• Work to be completed
Range to repeat from the listing below: the line containing "Russell's Service Plumbing ico" down to the line containing "Bir Avrasya ötleğen", both included. Copy it exactly, pictures excluded, and add nothing else.

• Provided entries
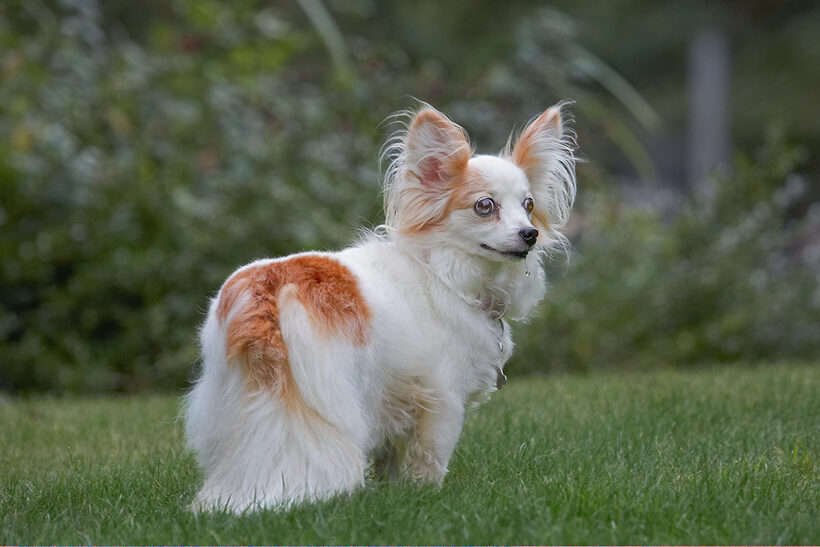 Dog, Dogs, Papillon, Portia, Tongue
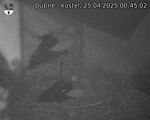Capi_Dubne_20250425_004502.jpg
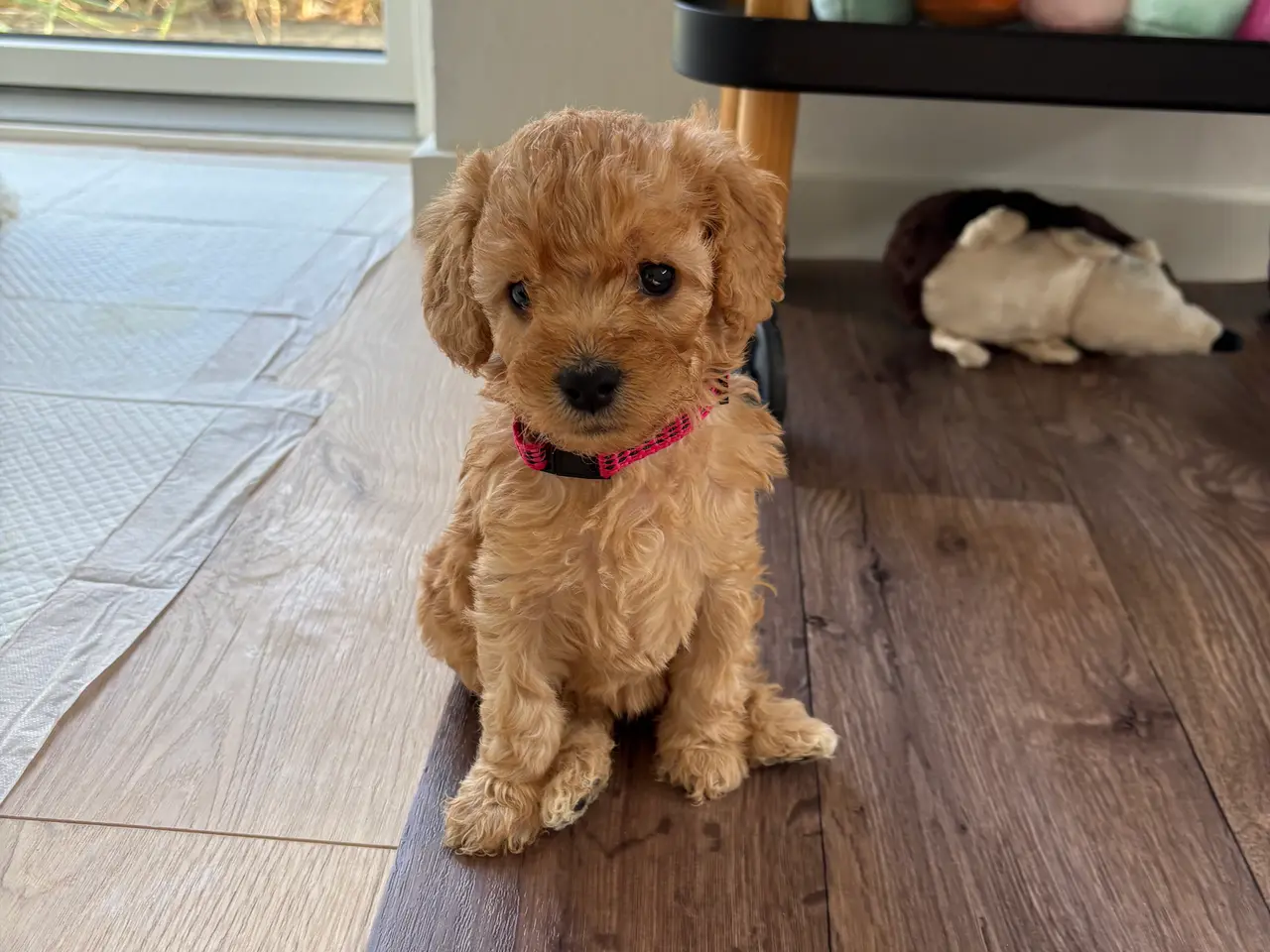 Billede 2 - Doodle hundehvalpe til salg🐶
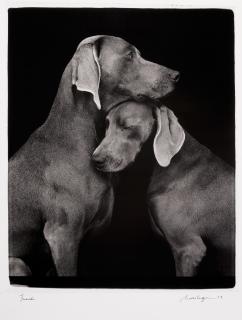 William Wegman - Friends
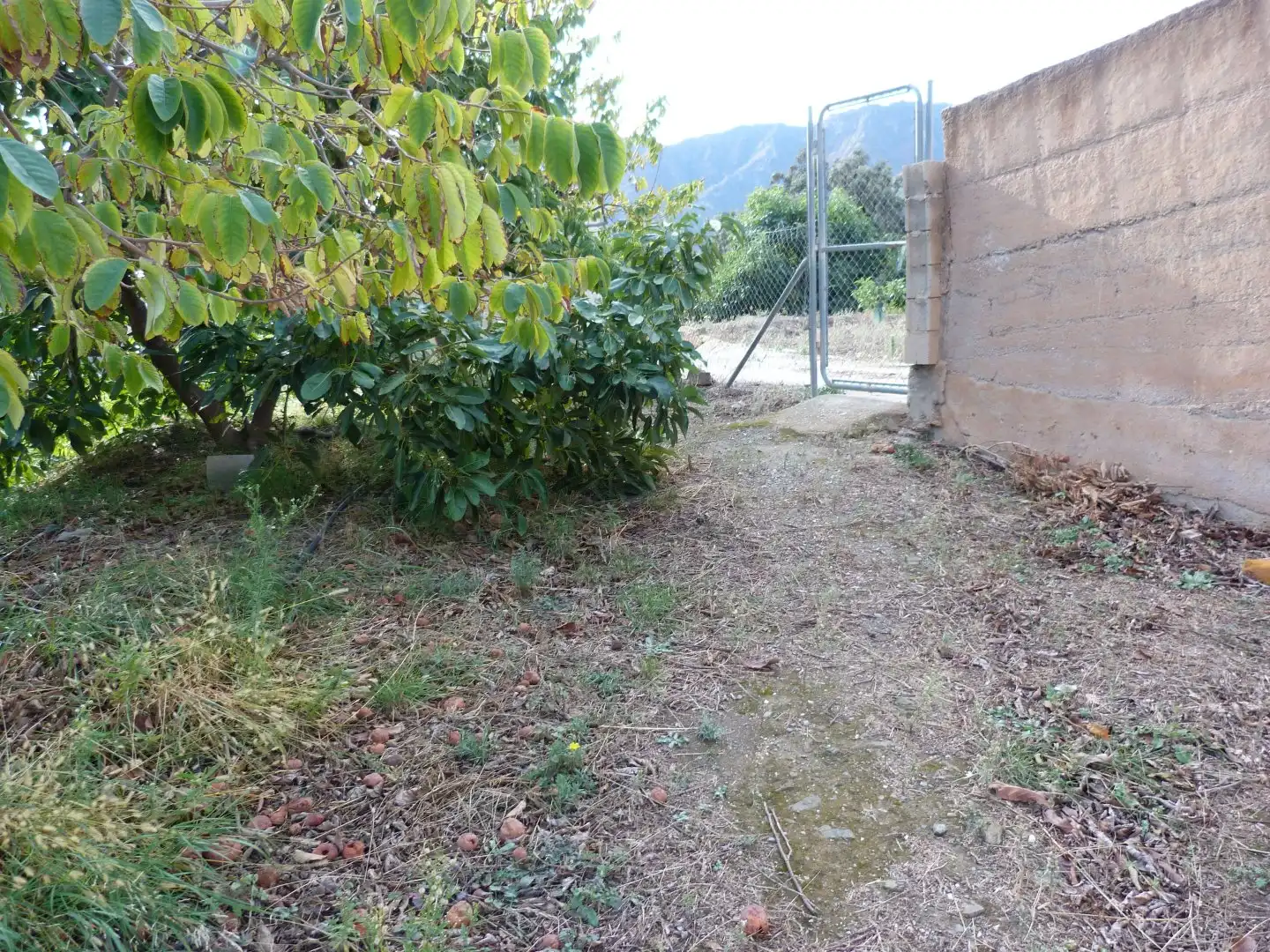 Casa rústica en venta en Los Guájares, imagen 10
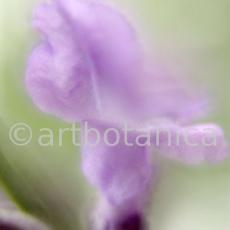 Lavendel-Lavendula-officinalis-68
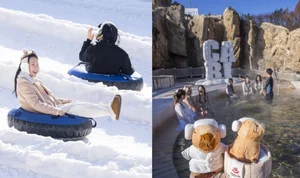 에버랜드, 캐리비안 베이 함께 이용 '에버투캐비' 선봬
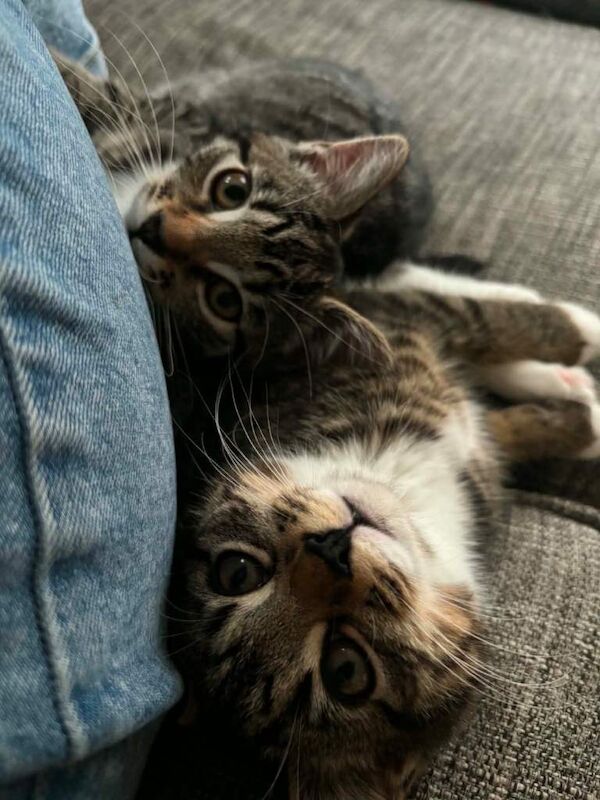 Two female grey tabby cats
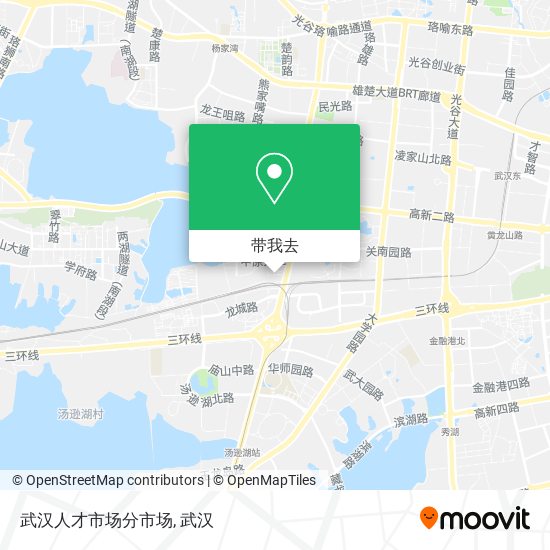 武汉人才市场分市场地图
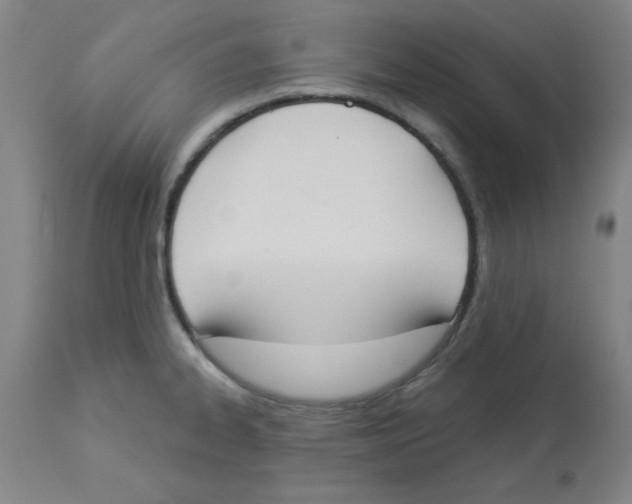 X0000112861334200909181751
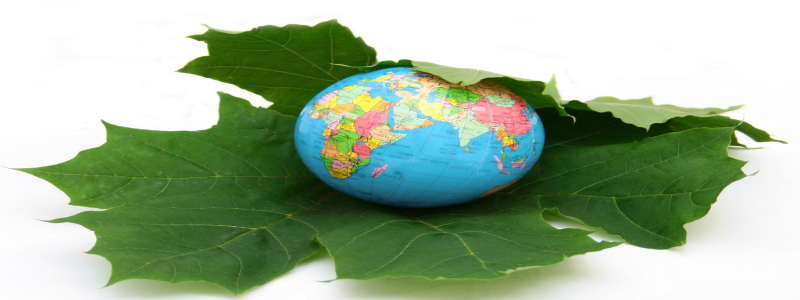 sustainability and the nexus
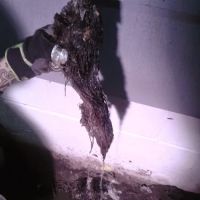 Russell's Service Plumbing ico
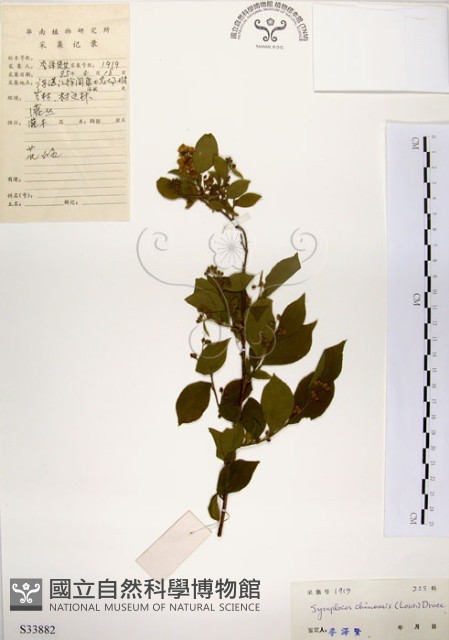 灰木藏品圖，第1張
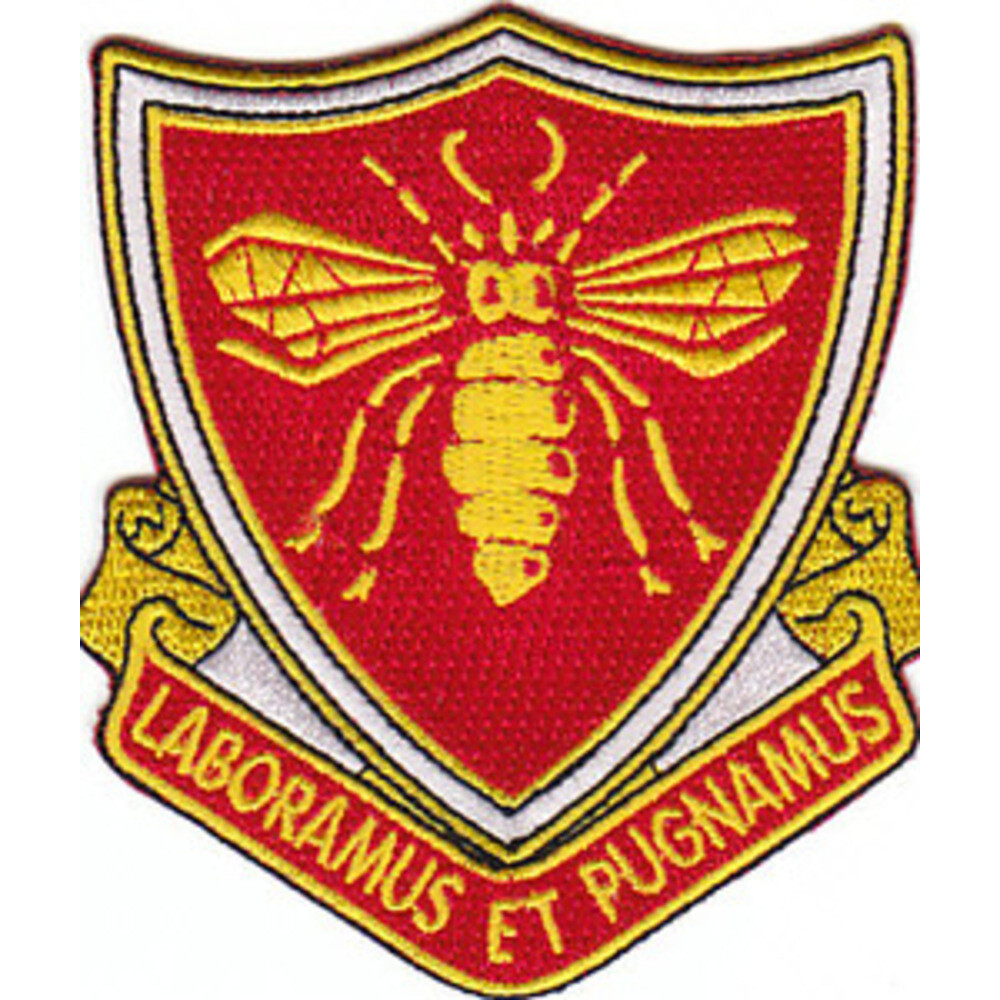 439th Engineering Battalion Patch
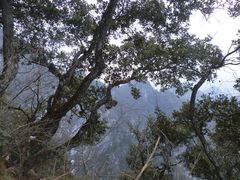 iphone_upload_pic-塔云山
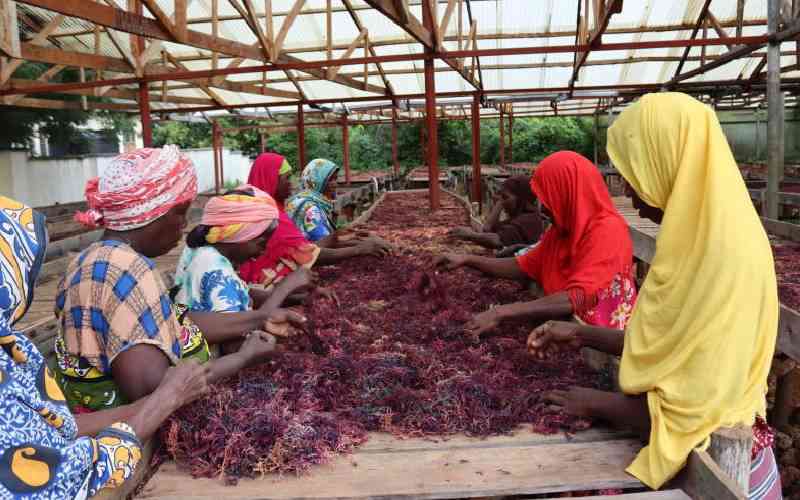 Agency pushes for investment in agro-marine hubs, infrastructure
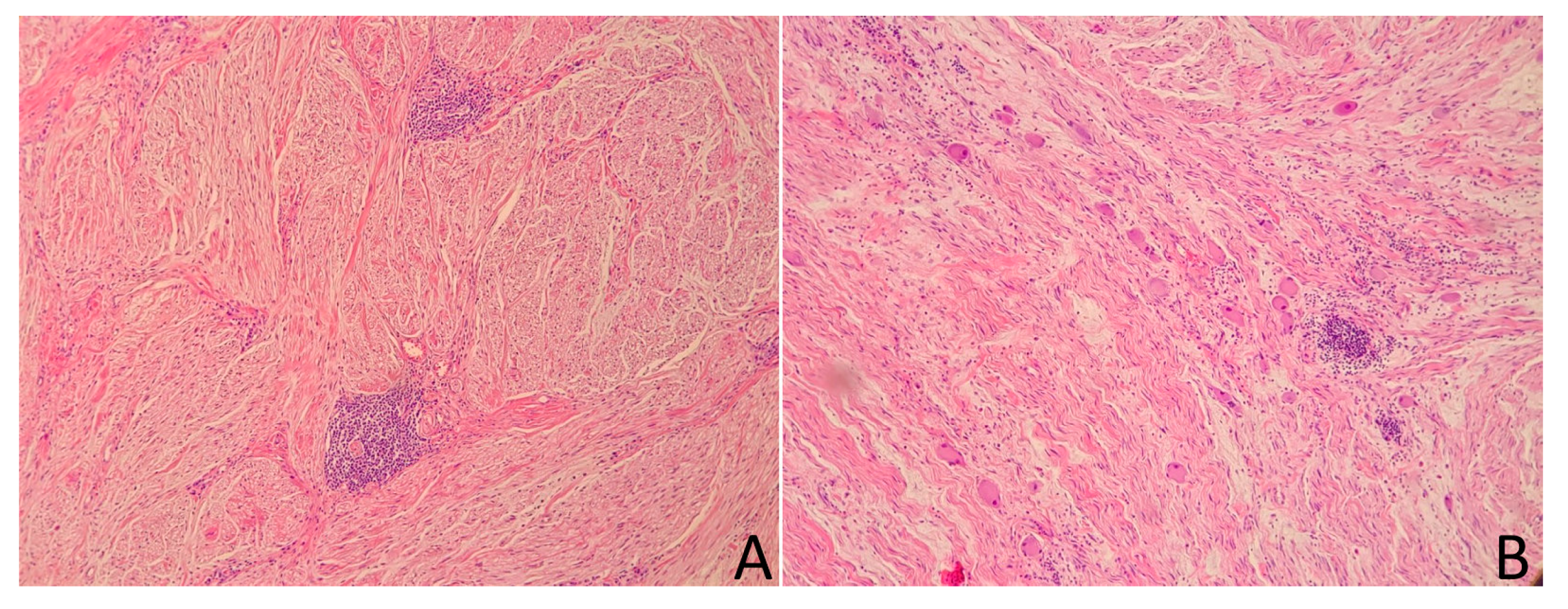 Medicina 58 00746 g011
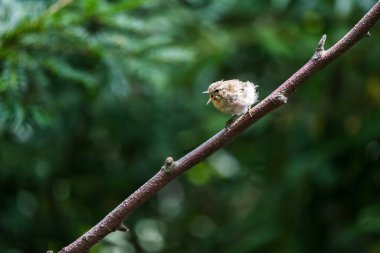 Bir Avrasya ötleğen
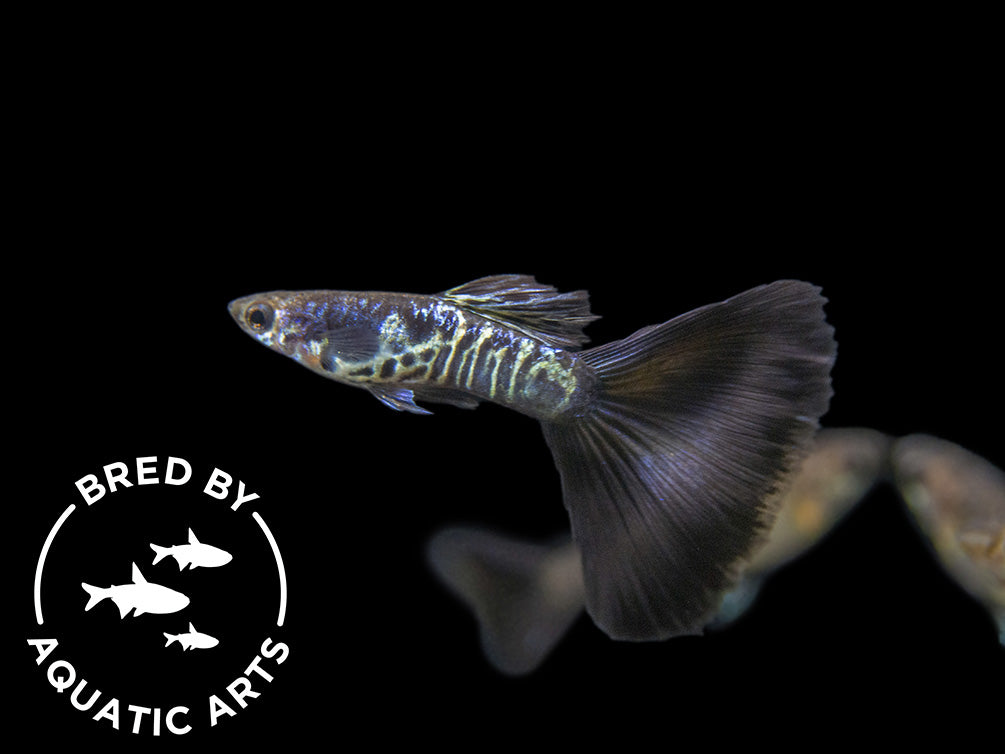 Galaxy Blue Tail Guppy (Poecilia reticulata), Aquatic Arts Bred!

• Exercise solution
 Russell's Service Plumbing ico
 灰木藏品圖，第1張
 439th Engineering Battalion Patch
 iphone_upload_pic-塔云山
 Agency pushes for investment in agro-marine hubs, infrastructure
 Medicina 58 00746 g011
 Bir Avrasya ötleğen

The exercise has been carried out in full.